**TASK INSTRUCTIONS:** Would you retype the whole listing exactly, leaving its pictures out?

**SUPPLIED DATA:**
****************

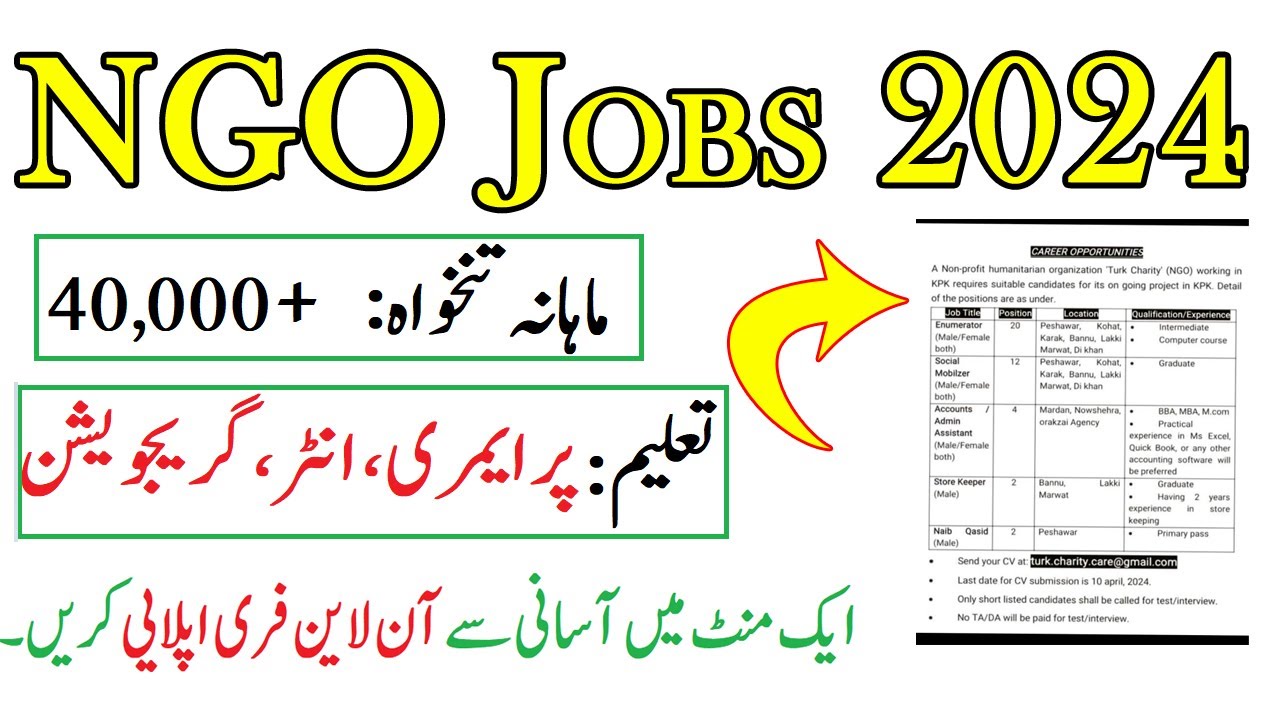 NGO Jobs 2024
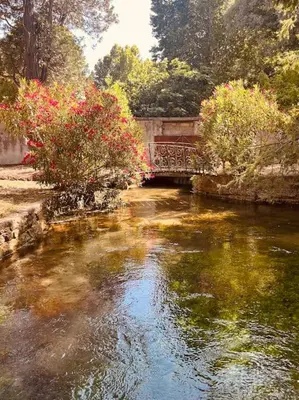 a bridge over a river in a park at Appartement fontaine de Vaucluse in Fontaine-de-Vaucluse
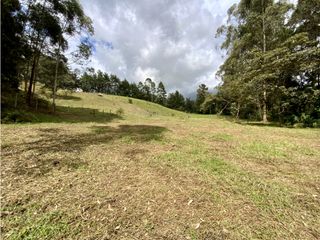 Lote Para Parcelar Sector Pontezuela (RIONEGRO)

****************

**FINISHED TASK:**
 NGO Jobs 2024
 a bridge over a river in a park at Appartement fontaine de Vaucluse in Fontaine-de-Vaucluse
 Lote Para Parcelar Sector Pontezuela (RIONEGRO)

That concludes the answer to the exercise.